• _Data to process_
· · · ·

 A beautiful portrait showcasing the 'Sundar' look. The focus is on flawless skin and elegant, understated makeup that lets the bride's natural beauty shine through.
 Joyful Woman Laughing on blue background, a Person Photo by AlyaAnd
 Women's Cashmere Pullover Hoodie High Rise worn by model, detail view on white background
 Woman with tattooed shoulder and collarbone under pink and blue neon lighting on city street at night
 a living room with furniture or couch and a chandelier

· · · ·

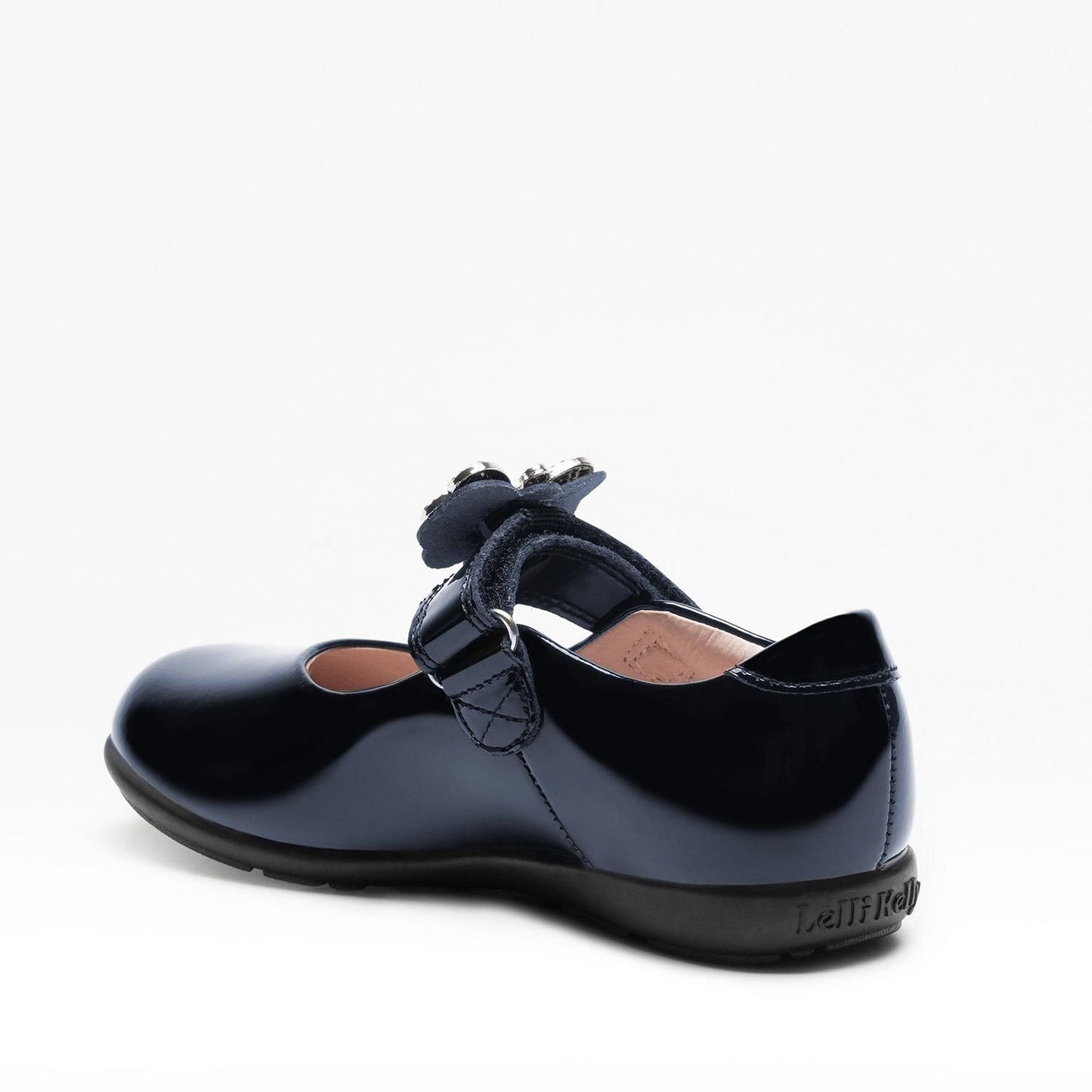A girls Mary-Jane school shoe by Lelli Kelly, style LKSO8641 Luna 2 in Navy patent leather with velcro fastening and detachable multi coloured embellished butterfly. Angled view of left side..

· · · ·

Only one stretch of the data above is needed. Restate it word for word, from the line containing "A beautiful portrait" through the line containing "a living room", both ends included.

• _Result below_
 A beautiful portrait showcasing the 'Sundar' look. The focus is on flawless skin and elegant, understated makeup that lets the bride's natural beauty shine through.
 Joyful Woman Laughing on blue background, a Person Photo by AlyaAnd
 Women's Cashmere Pullover Hoodie High Rise worn by model, detail view on white background
 Woman with tattooed shoulder and collarbone under pink and blue neon lighting on city street at night
 a living room with furniture or couch and a chandelier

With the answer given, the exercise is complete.